No caso específico dos editoriais do Jornal Nacional, eles desconsideraram o processo de realização da Confecom como um todo. Afinal de contas houve amplas condições de diálogo, de negociação em relação às demandas que as seis representações empresariais tinham feito na Comissão Organizadora Nacional antes do abandono que elas realizaram por livre e espontânea vontade. Isso ao meu ver faltou nas críticas que estavam no Jornal Nacional e faltou, claro, que o contraditório, porque também haveria necessidade de eles, ao fazerem esse editorial dando essa postura, também darem algum espaço de voz, de direito ao contraditório, para as organizações que tem uma compreensão diferenciada.  

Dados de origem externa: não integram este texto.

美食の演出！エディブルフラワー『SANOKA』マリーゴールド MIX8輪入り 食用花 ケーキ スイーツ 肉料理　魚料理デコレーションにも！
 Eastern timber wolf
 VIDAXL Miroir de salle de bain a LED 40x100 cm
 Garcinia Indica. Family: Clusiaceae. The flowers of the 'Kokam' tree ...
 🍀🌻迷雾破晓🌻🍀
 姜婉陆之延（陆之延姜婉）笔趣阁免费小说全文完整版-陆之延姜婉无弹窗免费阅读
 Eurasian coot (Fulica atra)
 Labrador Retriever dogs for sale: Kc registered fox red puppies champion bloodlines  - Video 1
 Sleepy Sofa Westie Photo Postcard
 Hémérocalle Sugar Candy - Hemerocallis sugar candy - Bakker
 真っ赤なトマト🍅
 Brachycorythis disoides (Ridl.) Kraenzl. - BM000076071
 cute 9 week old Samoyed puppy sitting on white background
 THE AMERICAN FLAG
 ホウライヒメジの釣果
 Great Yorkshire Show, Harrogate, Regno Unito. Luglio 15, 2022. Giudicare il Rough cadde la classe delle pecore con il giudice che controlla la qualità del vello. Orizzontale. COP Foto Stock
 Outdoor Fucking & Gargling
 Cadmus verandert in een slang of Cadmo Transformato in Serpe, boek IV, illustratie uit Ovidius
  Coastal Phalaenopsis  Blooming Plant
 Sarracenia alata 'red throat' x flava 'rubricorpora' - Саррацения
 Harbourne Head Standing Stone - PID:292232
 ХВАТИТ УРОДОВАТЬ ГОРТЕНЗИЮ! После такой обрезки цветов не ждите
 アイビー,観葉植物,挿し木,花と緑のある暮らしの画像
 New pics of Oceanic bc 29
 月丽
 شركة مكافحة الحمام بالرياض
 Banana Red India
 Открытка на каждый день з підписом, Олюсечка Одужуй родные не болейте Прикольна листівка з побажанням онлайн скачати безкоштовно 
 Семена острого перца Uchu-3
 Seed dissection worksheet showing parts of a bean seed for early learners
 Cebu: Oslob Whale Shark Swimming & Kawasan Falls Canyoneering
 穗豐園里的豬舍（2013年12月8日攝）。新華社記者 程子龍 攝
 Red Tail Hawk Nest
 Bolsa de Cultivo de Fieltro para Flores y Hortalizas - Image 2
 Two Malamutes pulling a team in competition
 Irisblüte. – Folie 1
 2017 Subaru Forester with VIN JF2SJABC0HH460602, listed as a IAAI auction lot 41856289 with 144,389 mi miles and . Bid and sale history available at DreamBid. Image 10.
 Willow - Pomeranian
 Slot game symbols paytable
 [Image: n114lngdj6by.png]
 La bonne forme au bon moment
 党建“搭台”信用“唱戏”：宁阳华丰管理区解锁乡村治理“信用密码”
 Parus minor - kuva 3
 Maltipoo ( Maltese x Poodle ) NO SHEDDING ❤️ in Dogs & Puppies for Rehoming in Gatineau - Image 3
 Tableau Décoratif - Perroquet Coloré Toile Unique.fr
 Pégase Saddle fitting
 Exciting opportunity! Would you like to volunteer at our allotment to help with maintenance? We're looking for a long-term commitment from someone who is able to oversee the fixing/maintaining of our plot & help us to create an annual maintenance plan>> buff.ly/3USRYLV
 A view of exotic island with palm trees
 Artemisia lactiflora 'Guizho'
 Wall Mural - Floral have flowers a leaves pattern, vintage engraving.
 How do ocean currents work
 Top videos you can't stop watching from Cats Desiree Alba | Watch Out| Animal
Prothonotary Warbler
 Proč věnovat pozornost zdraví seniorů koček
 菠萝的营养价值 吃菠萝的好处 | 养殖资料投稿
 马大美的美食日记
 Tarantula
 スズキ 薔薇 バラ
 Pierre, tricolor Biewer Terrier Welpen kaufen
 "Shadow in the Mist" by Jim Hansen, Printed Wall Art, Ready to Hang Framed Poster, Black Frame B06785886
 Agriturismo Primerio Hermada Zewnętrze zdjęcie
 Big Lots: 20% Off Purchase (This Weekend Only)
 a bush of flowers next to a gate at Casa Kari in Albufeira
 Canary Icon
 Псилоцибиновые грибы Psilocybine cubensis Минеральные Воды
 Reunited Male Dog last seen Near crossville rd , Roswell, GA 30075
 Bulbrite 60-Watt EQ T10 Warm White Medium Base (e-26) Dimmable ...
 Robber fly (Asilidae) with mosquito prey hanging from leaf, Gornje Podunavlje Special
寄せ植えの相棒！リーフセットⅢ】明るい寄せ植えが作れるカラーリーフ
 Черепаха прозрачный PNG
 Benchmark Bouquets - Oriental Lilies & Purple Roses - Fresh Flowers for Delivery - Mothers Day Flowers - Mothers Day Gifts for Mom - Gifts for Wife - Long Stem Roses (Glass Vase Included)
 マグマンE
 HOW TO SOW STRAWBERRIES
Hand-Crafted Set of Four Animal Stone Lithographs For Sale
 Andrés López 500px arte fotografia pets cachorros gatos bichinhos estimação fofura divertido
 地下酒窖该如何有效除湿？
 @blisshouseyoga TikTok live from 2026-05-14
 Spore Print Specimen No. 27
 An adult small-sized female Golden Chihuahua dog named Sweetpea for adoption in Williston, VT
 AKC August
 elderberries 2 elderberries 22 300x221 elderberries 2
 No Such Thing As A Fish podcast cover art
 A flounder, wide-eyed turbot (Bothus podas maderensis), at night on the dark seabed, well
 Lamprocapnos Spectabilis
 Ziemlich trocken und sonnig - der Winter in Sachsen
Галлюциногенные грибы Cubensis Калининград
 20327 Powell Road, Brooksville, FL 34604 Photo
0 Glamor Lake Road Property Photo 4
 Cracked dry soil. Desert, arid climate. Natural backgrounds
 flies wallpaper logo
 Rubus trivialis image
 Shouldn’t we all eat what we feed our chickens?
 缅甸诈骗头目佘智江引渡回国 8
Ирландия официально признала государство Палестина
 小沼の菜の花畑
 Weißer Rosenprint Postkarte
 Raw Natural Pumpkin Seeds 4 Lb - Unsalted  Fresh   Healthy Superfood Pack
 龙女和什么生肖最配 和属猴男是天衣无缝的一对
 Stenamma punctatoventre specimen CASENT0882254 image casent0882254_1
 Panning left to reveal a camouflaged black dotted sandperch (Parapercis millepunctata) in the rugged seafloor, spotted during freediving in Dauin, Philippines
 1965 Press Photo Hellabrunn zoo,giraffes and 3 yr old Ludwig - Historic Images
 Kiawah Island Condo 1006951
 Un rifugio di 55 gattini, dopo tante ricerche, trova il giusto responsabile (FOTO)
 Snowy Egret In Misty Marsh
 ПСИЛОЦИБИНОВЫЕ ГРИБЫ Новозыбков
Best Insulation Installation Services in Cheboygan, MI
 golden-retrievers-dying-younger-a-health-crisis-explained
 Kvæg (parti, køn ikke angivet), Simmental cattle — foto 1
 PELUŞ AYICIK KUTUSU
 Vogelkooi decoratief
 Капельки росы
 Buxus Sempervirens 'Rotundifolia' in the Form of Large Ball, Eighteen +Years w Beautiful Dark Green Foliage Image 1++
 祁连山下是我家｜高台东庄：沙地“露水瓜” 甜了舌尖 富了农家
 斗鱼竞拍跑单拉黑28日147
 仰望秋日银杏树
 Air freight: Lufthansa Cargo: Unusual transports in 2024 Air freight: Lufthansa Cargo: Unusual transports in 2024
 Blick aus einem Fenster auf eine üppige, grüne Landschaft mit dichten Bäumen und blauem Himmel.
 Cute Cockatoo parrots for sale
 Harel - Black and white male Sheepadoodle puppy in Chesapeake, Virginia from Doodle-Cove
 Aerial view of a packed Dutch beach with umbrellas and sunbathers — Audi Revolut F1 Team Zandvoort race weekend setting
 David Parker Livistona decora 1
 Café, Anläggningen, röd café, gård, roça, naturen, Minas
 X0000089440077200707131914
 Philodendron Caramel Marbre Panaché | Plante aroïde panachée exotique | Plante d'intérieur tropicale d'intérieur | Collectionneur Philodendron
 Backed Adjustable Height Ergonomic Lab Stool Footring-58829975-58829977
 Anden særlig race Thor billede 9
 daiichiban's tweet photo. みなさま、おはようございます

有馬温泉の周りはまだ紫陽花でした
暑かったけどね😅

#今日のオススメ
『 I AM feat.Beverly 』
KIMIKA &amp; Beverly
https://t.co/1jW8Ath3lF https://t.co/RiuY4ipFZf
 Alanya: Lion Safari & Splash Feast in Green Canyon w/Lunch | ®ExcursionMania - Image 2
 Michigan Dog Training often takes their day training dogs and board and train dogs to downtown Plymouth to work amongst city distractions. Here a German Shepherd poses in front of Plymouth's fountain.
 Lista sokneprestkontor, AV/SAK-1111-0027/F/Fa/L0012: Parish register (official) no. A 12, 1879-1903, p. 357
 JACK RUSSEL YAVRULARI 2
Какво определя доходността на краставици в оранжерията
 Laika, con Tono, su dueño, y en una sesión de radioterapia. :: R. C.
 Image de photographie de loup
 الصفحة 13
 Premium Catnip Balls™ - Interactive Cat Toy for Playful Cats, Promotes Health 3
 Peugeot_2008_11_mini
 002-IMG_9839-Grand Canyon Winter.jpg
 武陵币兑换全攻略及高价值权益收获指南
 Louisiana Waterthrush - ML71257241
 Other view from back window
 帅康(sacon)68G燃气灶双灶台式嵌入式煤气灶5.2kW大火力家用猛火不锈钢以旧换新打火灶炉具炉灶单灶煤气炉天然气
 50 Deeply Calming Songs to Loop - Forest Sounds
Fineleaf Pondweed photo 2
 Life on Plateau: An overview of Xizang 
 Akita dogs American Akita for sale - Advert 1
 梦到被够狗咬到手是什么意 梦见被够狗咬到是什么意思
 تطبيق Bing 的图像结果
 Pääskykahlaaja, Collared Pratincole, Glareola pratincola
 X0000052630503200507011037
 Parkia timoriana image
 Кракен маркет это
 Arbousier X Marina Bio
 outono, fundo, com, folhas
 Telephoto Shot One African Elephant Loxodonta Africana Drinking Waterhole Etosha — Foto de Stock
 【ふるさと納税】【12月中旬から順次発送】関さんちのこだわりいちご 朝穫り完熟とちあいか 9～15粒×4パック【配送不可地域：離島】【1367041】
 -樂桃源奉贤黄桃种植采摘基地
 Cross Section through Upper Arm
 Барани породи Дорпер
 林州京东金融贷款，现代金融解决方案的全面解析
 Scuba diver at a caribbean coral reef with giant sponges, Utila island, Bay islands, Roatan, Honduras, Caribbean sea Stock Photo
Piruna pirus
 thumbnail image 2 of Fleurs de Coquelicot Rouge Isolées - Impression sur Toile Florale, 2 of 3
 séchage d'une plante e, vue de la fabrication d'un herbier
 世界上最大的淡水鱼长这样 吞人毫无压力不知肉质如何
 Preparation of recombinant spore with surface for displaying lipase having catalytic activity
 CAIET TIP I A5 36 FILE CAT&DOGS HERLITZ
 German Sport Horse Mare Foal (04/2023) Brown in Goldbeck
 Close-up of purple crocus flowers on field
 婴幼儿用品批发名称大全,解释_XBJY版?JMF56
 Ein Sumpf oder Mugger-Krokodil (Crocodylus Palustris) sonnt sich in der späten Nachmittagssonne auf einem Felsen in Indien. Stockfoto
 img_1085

Como você avalia a correlação de forças que se estabeleceu entre os setores presentes: sociedade civil, sociedade civil empresarial e estado? Se puder fale um pouco sobre a atuação de cada um desses setores na Confecom.
Do que eu vi, o Poder Público obviamente não tinha uma ordem unida, porque ele era um segmento bem diversificado, com interesses regionais, com várias pautas. Então não necessariamente houve uma votação em bloco por parte do Poder Público. Os empresários ao longo do tempo mantiveram uma unidade que atingia grande parte dos representantes das entidades empresariais. No entanto, surgiu no âmbito da Conferência a possibilidade de criação de uma organização das empresas que não estão associadas a grandes grupos de distribuição e isso pode se constituir como um fato novo interessante, uma pauta boa para o Observatório do Direito à Comunicação. 

 

E no âmbito da sociedade civil, a realização da Confecom proporcionou um espaço interessante para a interação de pautas, com a possibilidade de ações, de parcerias, independentes do Poder Público. Um exemplo disso ocorreu na etapa distrital. Manuella Torreão de Menezes, representante das pessoas com deficiência, é surda e se elegeu delegada no DF. Sua participação proporcionou que não só estudantes e professores universitários, mas também representantes de entidades sindicais se sensibilizassem com as propostas apresentadas por Manuella e planejassem parcerias na estruturação de palestras e cursos. Uma situação que pode estimular a criação de atividades conjuntas entre representantes da sociedade civil antes da realização da 2ª Conferência Nacional de Comunicação. Foi muito positiva essa possibilidade de colocarmos em contato pessoas com demandas diferenciadas. É salutar que possamos promover encontros que permitam que as pautas se expandam e que cada um conheça o olhar do outro, tenha essa alteridade, em relação a questões, de comunicação, cidadania, acessibilidade, inclusão social, mobilização social. Então acho que nesse aspecto também a realização da 1ª Conferência Nacional de Comunicação foi um passo importante. 

 

Espero que a gente continue com essa mobilização de forma permanente, mantendo as atividades no âmbito da Comissão Nacional Pró-Conferência e das comissões estaduais pró-conferência para que a gente não perca toda essa energia acumulada para que haja condições de acompanhar a implementação das políticas e das ações e conseguir estimular a interação de boas práticas, algo muito necessário ao Brasil.